My rating: 4 of 5 stars



Once upon a time, I bought a lot of mysteries. While I appreciated an intricate jigsaw puzzle of a plot (and still do), the greatest attraction of a mystery, for me, is the main character. Since most mysteries are series that stretch out over several books, the protagonist has to be damn interesting to keep me reading. I particularly like series where the lead character grows older, acknowledges that, and deals with it. I also like series where the characters and plot are more or less contemporary with current events; obviously the time involved with writing and publishing each individual book means the author can't keep up with things in real time, but I prefer a mystery that hews as closely to this ideal as possible.

Once upon a time, I snapped up Sue Grafton's Kinsey Millhone books on sight, along with Sara Paretsky's V.I. Warshawski books, among others. But after reading an interview where Grafton said Kinsey was, and would remain, stuck in the 80's, my enthusiasm for the "alphabet" books quickly waned. I recently flipped through the last book--Grafton is up to "W"--and once I saw the date for said book was 1988, I put it back. As much as I love Guns n'Roses, the 80's was not a good decade for this country, and I don't care to revisit it.

But I still buy Sara Paretsky's books. Why is that? Because V.I. Warshawski's cases and world is set in our contemporary timeline, V.I. herself is growing older, and Paretsky makes no bones about either. In this book, a small but significant plot point is V.I.'s turning fifty, and her relationships with younger people, particularly younger feminists. (V.I. is a proud second-wave feminist, and she doesn't let you forget it.) Even more so, the plot deals with Iraq, and mentions Barack Obama as a brief aside. Of course, this makes it slightly dated, but I would rather have this more vital and meaningful setting than Sue Grafton's frozen and far removed one.
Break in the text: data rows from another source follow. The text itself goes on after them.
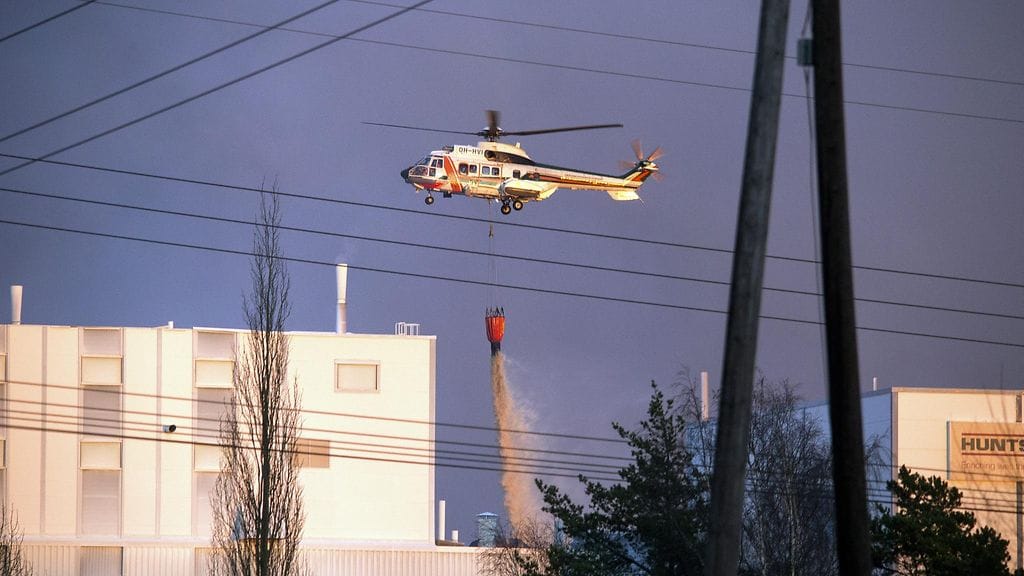 Rajavartiolaitoksen helikopteri osallistui Huntsman-pigmenttitehtaalla Porissa varhain maanantaina syttyneen tulipalon sammutustöihin 30. tammikuuta 2017.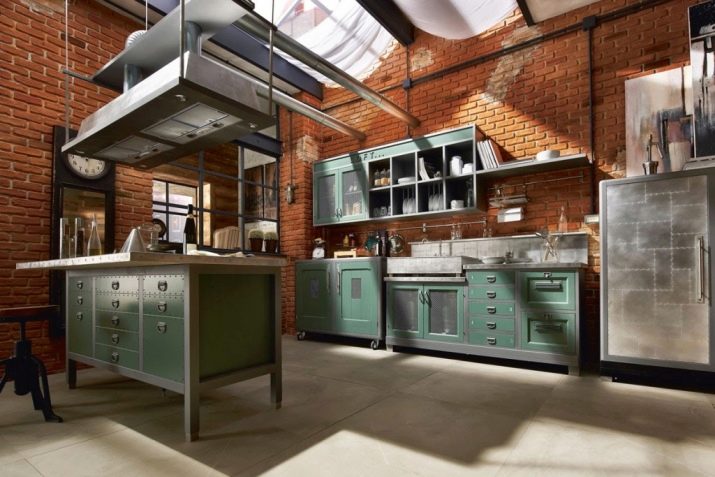 Кухня в стилі лофт (99 фото): кутовий кухонний гарнітур в дизайні інтер’єру, біла і сіра кухні, модульні кухні в квартирі, відповідні штори і люстра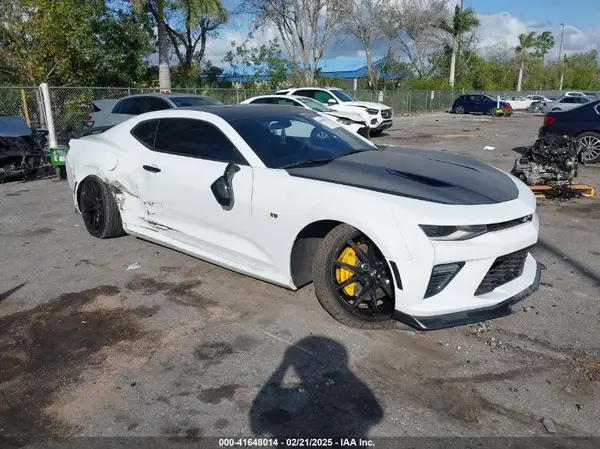 1G1FH1R75H0188821 2017 CHEVROLET CAMARO - Image 1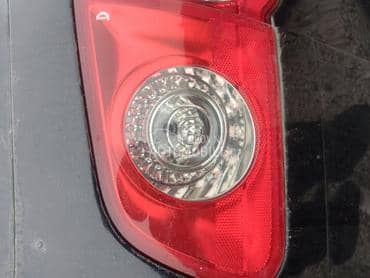 desna stop lampa za Volkswagen Passat B6 od 2004. do 2010. god.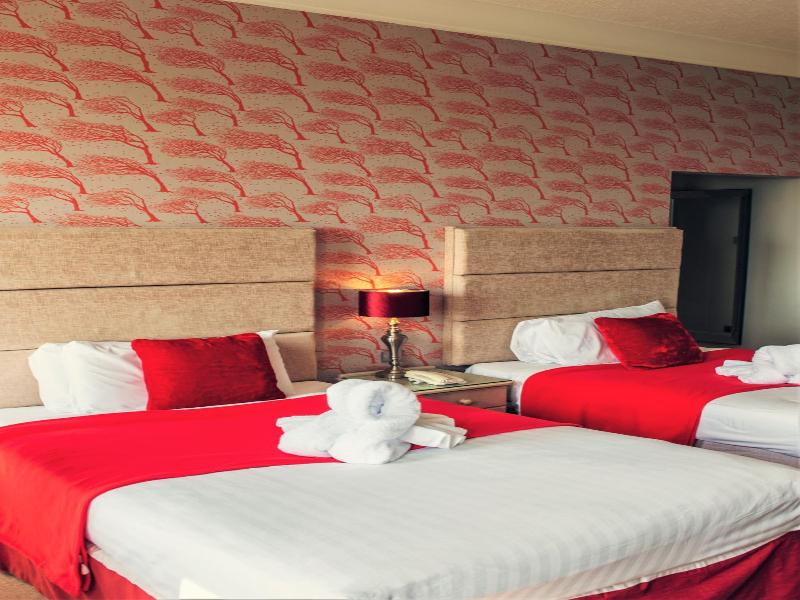 Clifton Arms Hotel image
Not to mention the fact that V.I. Warshawski is simply a deeper, better, more fully rounded character. Her feminism, liberalism, and staunch opposition to the Iraq war is a bit of a transparent stand-in for the author's political leanings, but that doesn't make V.I., and the book as a whole, any less terrific. Paretsky's tendency for mousetrap plots that suddenly snap shut is on full display here: I spent a good two-thirds of the book wondering how the separate plot threads would come together, and when they do, over the course of only a few pages, the results are breathtaking.

I don't want to get in a fight with Kinsey Millhone fans. At one time, Kinsey appealed to me; she no longer does. But V.I. Warshawski is a character readers can grow old with, and I look forward to seeing how Sara Paretsky pulls it off.